E, já demonstrando dentro do universo da sétima arte transformações importantes decorrentes dessa nova ordem que se anuncia, a China, por exemplo, já conta com o maior mercado de cinema do mundo em termos de bilheteria interna, tendo ultrapassado os EUA em 2020, segundo informações da agência asiática Artisan Gateway. A Índia, com Bollywood, mantém a maior indústria de filmes do planeta em volume de produção e audiência; no mesmo movimento, a Nigéria, com Nollywood, segue em grande crescimento; e o Brasil, por sua vez, apesar das dificuldades estruturais e políticas, consegue manter uma produção constante, diversificada e criativa que vai desde o cinema tradicional a documentários e animações que comprovam amadurecimento narrativo e técnico e, ao mesmo tempo, trazem inovação.

O Sul global tem, portanto, todos os ingredientes para a constituição de um sistema alternativo: grandes mercados internos, um público jovem e ávido por novas representações, uma tradição narrativa própria e um desejo crescente de afirmação identitária.

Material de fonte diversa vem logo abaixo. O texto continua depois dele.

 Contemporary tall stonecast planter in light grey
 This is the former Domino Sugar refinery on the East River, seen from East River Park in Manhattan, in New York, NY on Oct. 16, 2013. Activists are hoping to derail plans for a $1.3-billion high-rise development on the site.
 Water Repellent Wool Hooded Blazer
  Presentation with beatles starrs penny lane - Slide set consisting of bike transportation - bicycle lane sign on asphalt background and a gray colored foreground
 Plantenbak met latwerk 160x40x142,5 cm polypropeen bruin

O desafio principal está em libertar o pensamento dos realizadores — e de toda a cadeia produtiva do cinema que existe nesse novo eixo —, que ainda se encontra aprisionado sob o domínio simbólico e estético da Europa e América do Norte. Superado isso, que é o mais difícil, o trabalho será o de criar redes de circulação, cooperação e reconhecimento que rompam com a dependência das plataformas, festivais e modelos ocidentais oriundos do hemisfério norte.

Essa proposta não é inédita. O movimento dos Países Não-Alinhados, nos anos 1960 e 1970, já pensava a cultura como parte de um projeto de soberania. O Festival Pan-Africano de Cinema e Televisão de Ouagadougou (FESPACO), criado em 1969 em Burkina Faso, permanece como símbolo de resistência e afirmação africana. No Brasil, o Cinema Novo e o tropicalismo desafiaram os cânones eurocêntricos, propondo uma estética do “inacabado” e do “precário” como forma de potência.

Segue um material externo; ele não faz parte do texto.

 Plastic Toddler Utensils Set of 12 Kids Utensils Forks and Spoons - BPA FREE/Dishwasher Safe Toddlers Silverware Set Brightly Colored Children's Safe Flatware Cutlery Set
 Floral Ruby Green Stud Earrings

Inspirado por essa tradição e pela conjuntura atual, é urgente pensar em uma nova arquitetura global para o cinema: redes de coprodução entre países do Sul, plataformas de streaming com curadoria decolonial, circuitos de festivais que reflitam as realidades locais e prêmios que valorizem a diversidade estética e política das narrativas. Um sistema que, em vez de espelhar os padrões euro-americanos, os questione.

O fortalecimento de eventos como o Anima Mundi — que chegou a ser o segundo maior festival de animação do mundo e hoje, lamentavelmente, ainda não conseguiu se reerguer —, ou dos festivais de Xangai, Viña Del Mar, Guadalajara, Havana, BACIFI, Chilemonos, International Film Festival of India (IFFI), entre outros, que são em geral acompanhados de eventos de mercado importantes e estimulantes do ponto de vista de possibilidades de negócios em coprodução e licenciamento, é fundamental.

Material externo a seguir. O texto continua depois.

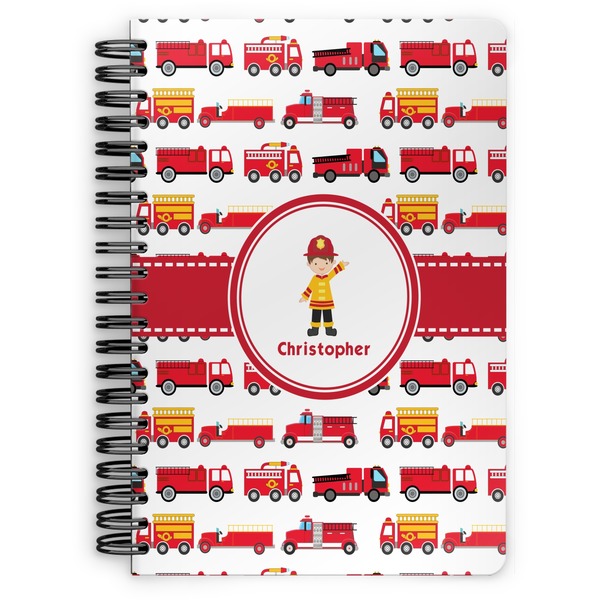 Custom Firetrucks Spiral Notebook - 7x10 w/ Name or Text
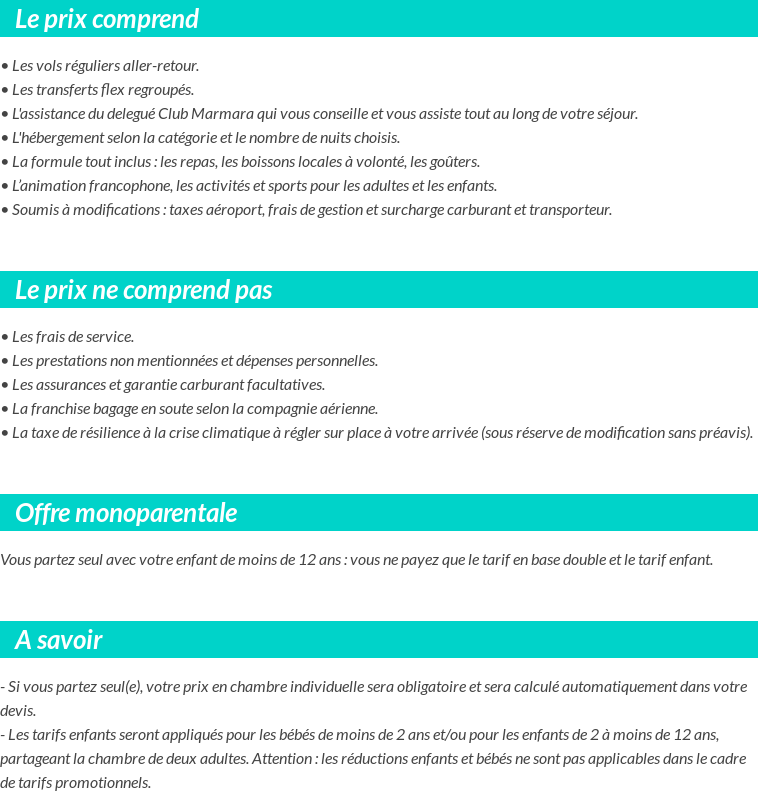 Conditions tarifaires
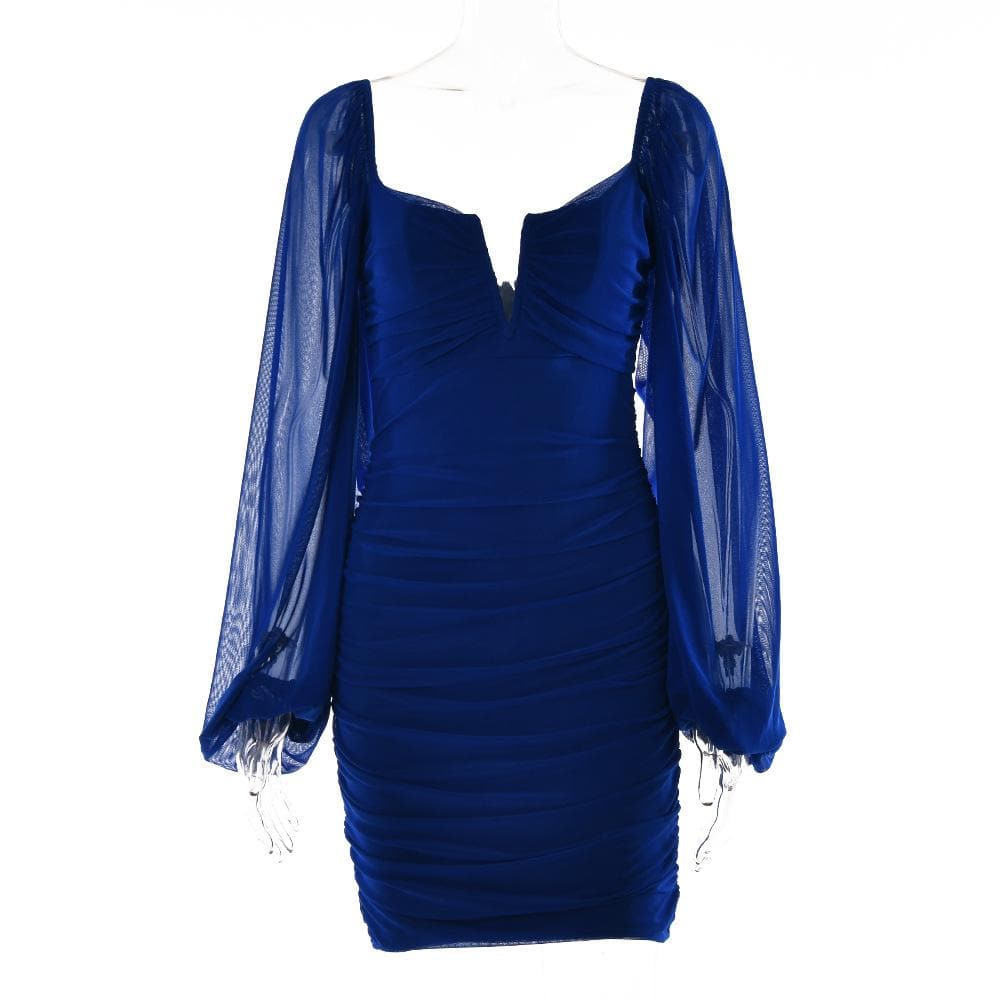 Strapless V-Notch Off Shoulder Puff Sleeve Ruched Mesh Mini Dress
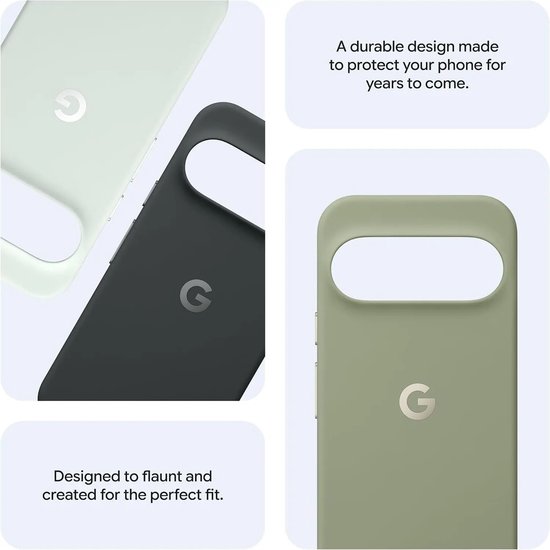 Lichtgroen en donkergrijs Google Pixel telefoonhoesje met G-logo. Groen hoesje met camera-uitsparing.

Como defende o pensador camaronês Achille Mbembe, “não há universalidade possível sem a restituição do múltiplo e do singular” (Políticas da Inimizade, 2016). O cinema do Sul global pode liderar esse movimento de restituição, oferecendo ao mundo novas formas de ver, contar e sentir — não como periferia do sistema atual, mas como núcleo de um novo paradigma por vir. Um sistema enraizado nas realidades, nos afetos e nos desafios do Sul. Um sistema que não apenas resista à lógica dominante, mas proponha caminhos inéditos. Um sistema que não aceite ser satélite, mas que se constitua como centro de um novo imaginário de um mundo multipolar.

Alguns pontos estratégicos:

  • O fortalecimento ou criação de grandes festivais internacionais do Sul global, com relevância e legitimidade próprias;
  • A articulação de prêmios cinematográficos alternativos aos circuitos euro-americanos, com critérios que valorizem estéticas descolonizadas;
  • O fortalecimento de redes de coprodução, distribuição e exibição entre países fora do eixo tradicional;
  • O desenvolvimento de plataformas de streaming independentes, com curadoria voltada à diversidade de narrativas;
  • A promoção de políticas públicas nacionais e multilaterais que reconheçam o cinema como soberania cultural.